---------- GIVEN DATA ----------

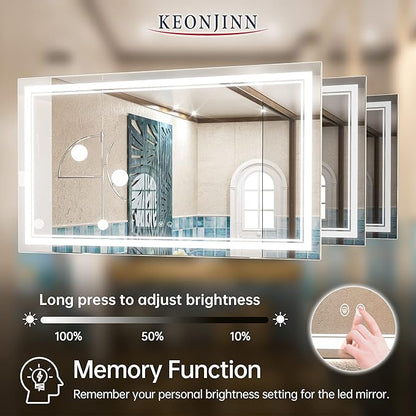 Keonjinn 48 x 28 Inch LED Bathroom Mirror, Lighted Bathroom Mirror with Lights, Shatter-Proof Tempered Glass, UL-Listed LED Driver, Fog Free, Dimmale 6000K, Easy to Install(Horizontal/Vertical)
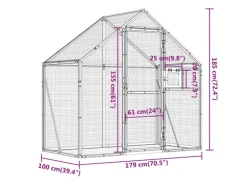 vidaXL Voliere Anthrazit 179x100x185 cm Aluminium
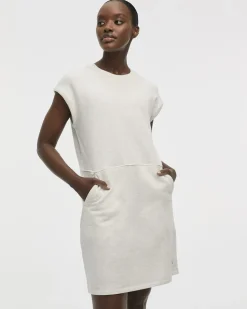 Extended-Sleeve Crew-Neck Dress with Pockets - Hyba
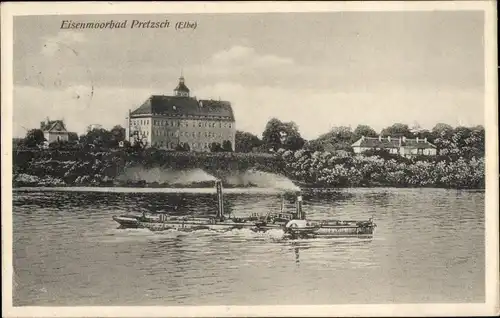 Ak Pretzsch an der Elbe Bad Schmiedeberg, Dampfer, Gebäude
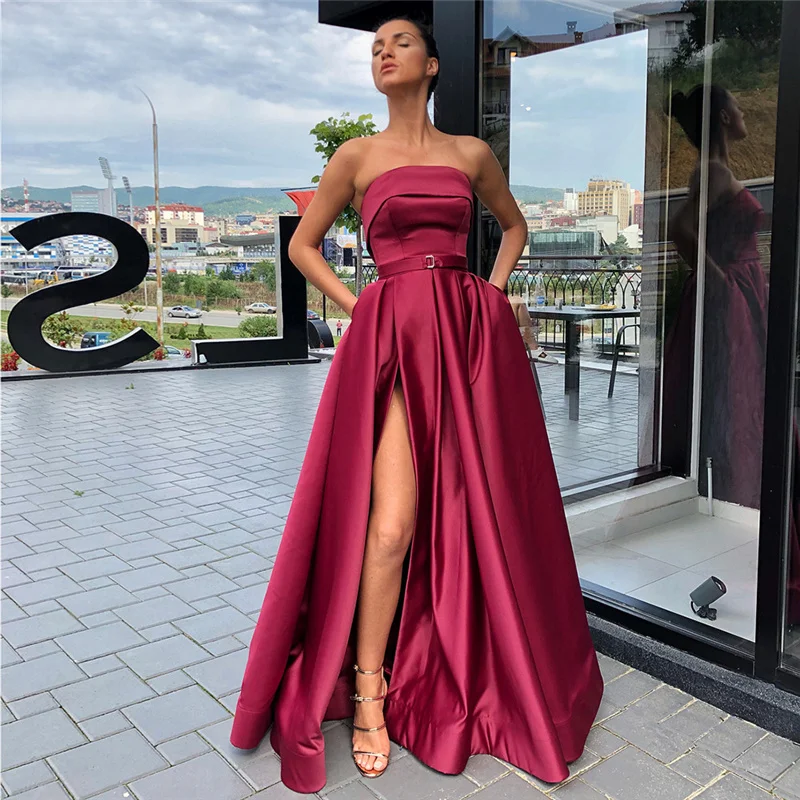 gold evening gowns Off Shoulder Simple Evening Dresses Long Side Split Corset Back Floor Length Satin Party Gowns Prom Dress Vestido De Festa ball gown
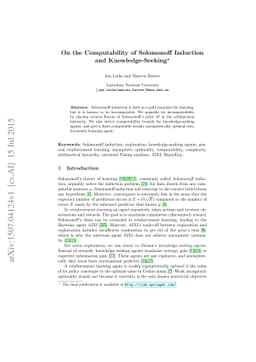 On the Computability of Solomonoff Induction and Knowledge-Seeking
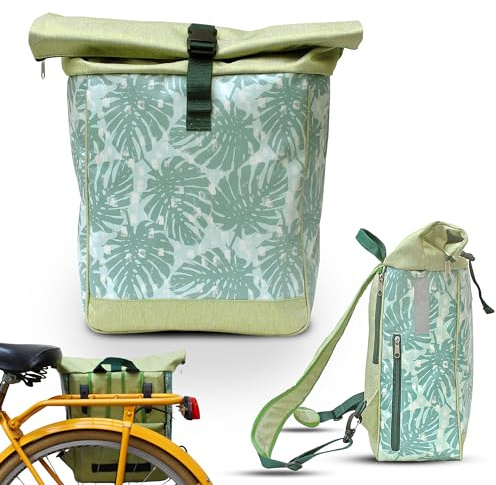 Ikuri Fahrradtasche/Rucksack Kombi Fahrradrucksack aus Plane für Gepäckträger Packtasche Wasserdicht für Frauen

----------

▶ WHAT YOU ARE ASKED TO DO
What the response needs is every entry, repeated exactly, and none of the pictures.

▶ EXPECTED ANSWER
 Keonjinn 48 x 28 Inch LED Bathroom Mirror, Lighted Bathroom Mirror with Lights, Shatter-Proof Tempered Glass, UL-Listed LED Driver, Fog Free, Dimmale 6000K, Easy to Install(Horizontal/Vertical)
 vidaXL Voliere Anthrazit 179x100x185 cm Aluminium
 Extended-Sleeve Crew-Neck Dress with Pockets - Hyba
 Ak Pretzsch an der Elbe Bad Schmiedeberg, Dampfer, Gebäude
 gold evening gowns Off Shoulder Simple Evening Dresses Long Side Split Corset Back Floor Length Satin Party Gowns Prom Dress Vestido De Festa ball gown
 On the Computability of Solomonoff Induction and Knowledge-Seeking
 Ikuri Fahrradtasche/Rucksack Kombi Fahrradrucksack aus Plane für Gepäckträger Packtasche Wasserdicht für Frauen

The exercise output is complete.